As Japan prepares to abandon its dependence on nuclear energy, government officials are scrambling to address concerns from Western nations over how that shift would impact them.
The interconnected nature of the nuclear energy industry has led the United States, Britain and France in recent days to express their concerns to government officials. Those nations are closely linked to Japan in both the construction of nuclear power plants and the recycling of nuclear fuel.
Senior government officials flew to the United States on Sept. 12 to explain what the change would mean over the policy objective being mulled by the Noda administration to halt operations of all nuclear power plants by the 2030s.
Akihisa Nagashima, one of Noda's special advisers, and Hiroshi Ogushi, a Cabinet Office parliamentary secretary, were dispatched to Washington to meet with officials at the White House, State Department and Energy Department.
According to a high-ranking government source, U.S. officials voiced concerns over a wide range of topics, including national security and the nuclear energy industry. Questions raised during the discussion included the handling of the plutonium produced through the reprocessing of spent nuclear fuel, Japan's involvement and future role in the nuclear nonproliferation structure and the effects on fostering technology and other sectors related to nuclear energy.

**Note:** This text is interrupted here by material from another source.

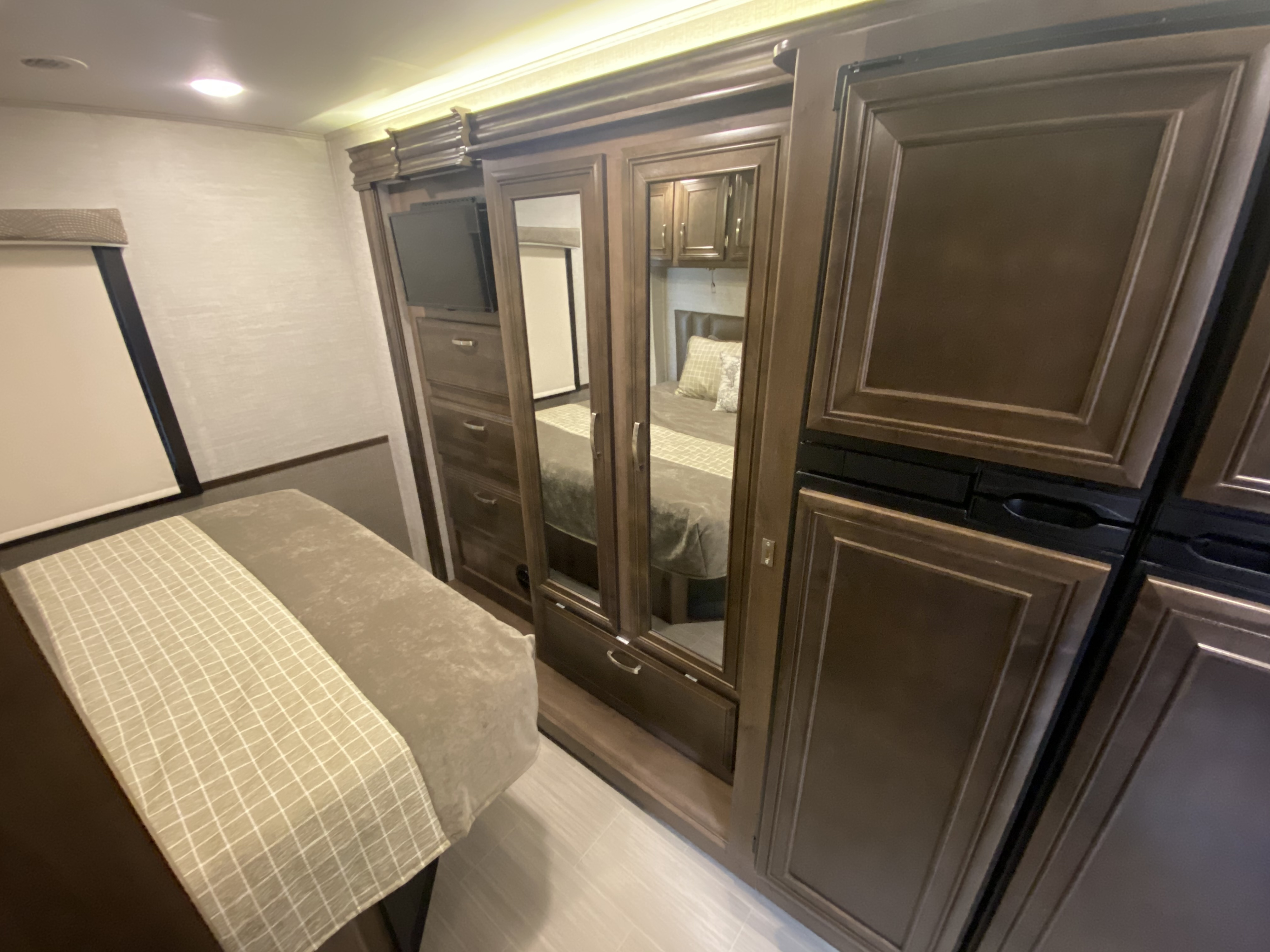RV rental bedroom showing a bed, built-in wardrobe with TV, and integrated refrigerator.. Entegra Coach Other 2021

The Japanese officials explained that the nuclear-free objective was a long-term one and that Japan would deal flexibly with the various problems that may emerge during its move away from nuclear energy.
Also on Sept. 12, Seiji Maehara, the policy chief of the ruling Democratic Party of Japan who was on his own visit to the United States, met with Daniel Poneman, the deputy secretary of energy. Poneman expressed concerns about the grave effects the change in Japanese energy policy would have on the United States.
On Sept. 13, French Ambassador Christian Masset visited Chief Cabinet Secretary Osamu Fujimura. France reprocesses spent nuclear fuel for Japan, and Masset asked for reassurances that Japan would take over the highly radioactive waste that emerges from the reprocessing.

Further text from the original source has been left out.